Liability of Board Members for Infringing Damages to Corporation: Current Practice and Perspectives of Regulation
Abstract
The article is devoted to the liability of members of the board of directorate in legal entities for losses incurred by organizations or driving them into bankruptcy in Russia. The research seems to be important because of increased attention to corporate governance issues during the period of rising insolvencies and cases of bringing directors of the company to liability. Still the director’s offense in the situation of causing only damages and bringing the company to insolvency seem to be the same: breaching of duty to act reasonably and in good faith. The authors emphasize that current legislation does not provide clear mechanisms for establishing grounds for directors’ liability, complicating differentiation between “good faith errors” and abuses. One of the most debatable issues in the field concerning director’s liability is the problem of evaluation of sufficiency of director’s actions to meet the standard of good faith and reasonableness while approving a transaction.

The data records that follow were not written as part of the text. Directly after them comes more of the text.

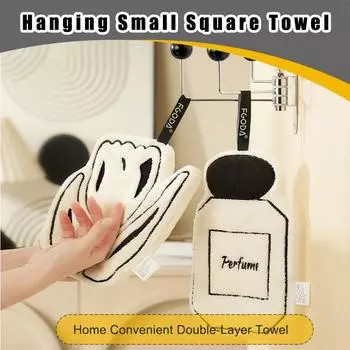 Подвесное маленькое квадратное полотенце для дома, удобное двухслойное утолщенное быстросохнущее впитывающее полотенце для рук, ванной комнаты, кухни, носового платка Style01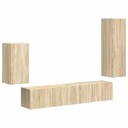  TV benksett Veggmontert 4 pcs Sonoma eik Konstruert tre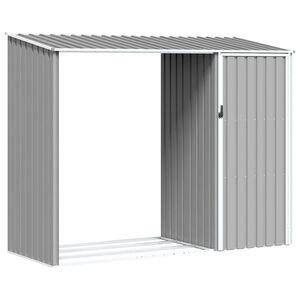 vidaXL Garden Shed Grey Galvanized Steel Large Expandable Garden Shed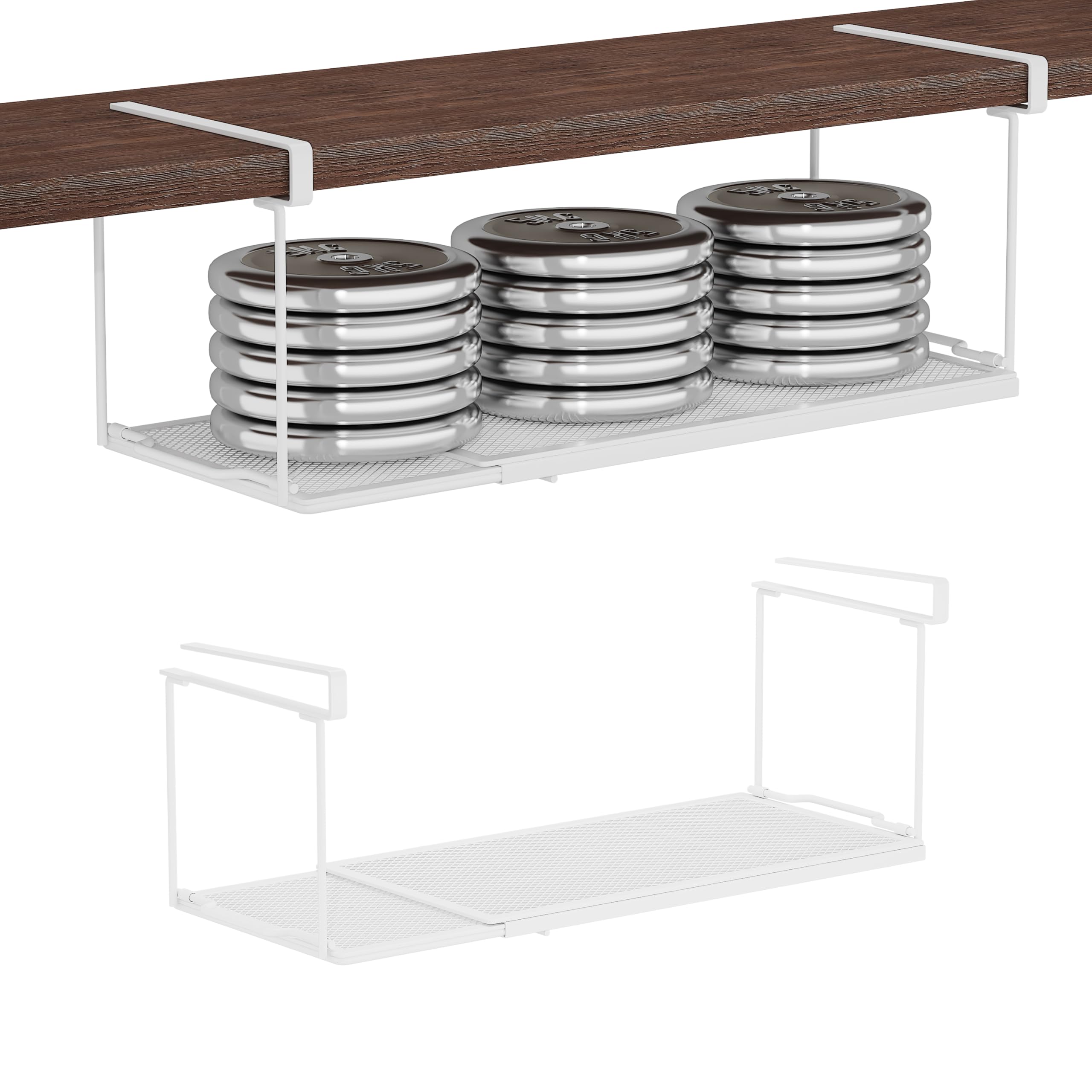 ROLIZOE Expandable Under Shelf Storage, Under Shelfs Basket, Metal Hanging Storage Basket, Under Desk Shelf for Kitchen, Cabinet, Shoe Bench, Dish Organizer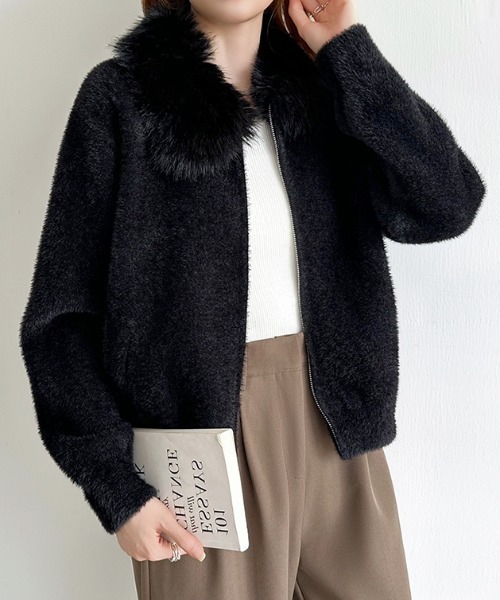 COCOMOMO ブルゾン アウター ふわふわファー付きシャギーブルゾン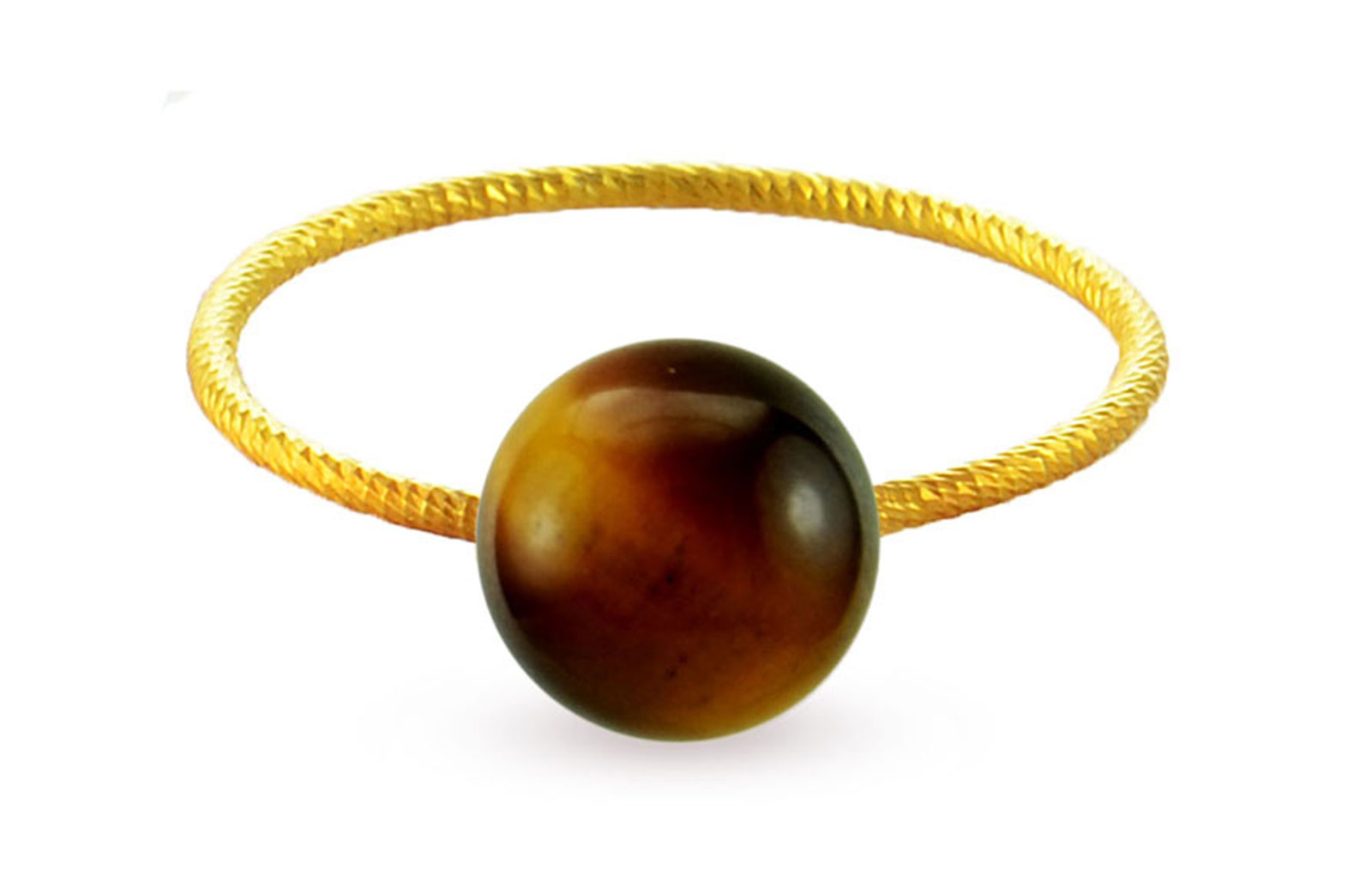 Vera Perla 18k Gold Simple 7mm Tiger Eye Ring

Difficulties also arise when proving facts of “culpable inaction,” and distinguishing between concepts such as “reasonable risk-taking” and “unreasonable behavior.” The paper contains an analysis of judicial practice, highlighting variations in courts’ approaches to determining directorial responsibility–from strict personalization of accountability to justifying their actions based on procedural compliance and formal competency limitations. Researchers propose developing detailed criteria for evaluating the conduct of board members tailored specifically to collective decision-making bodies, differing from universal requirements applicable to individual executives. The article reveals key legal barriers impeding effective functioning of the institution of board member liability and offer directions for future research and development of legal regulation of corporate governance.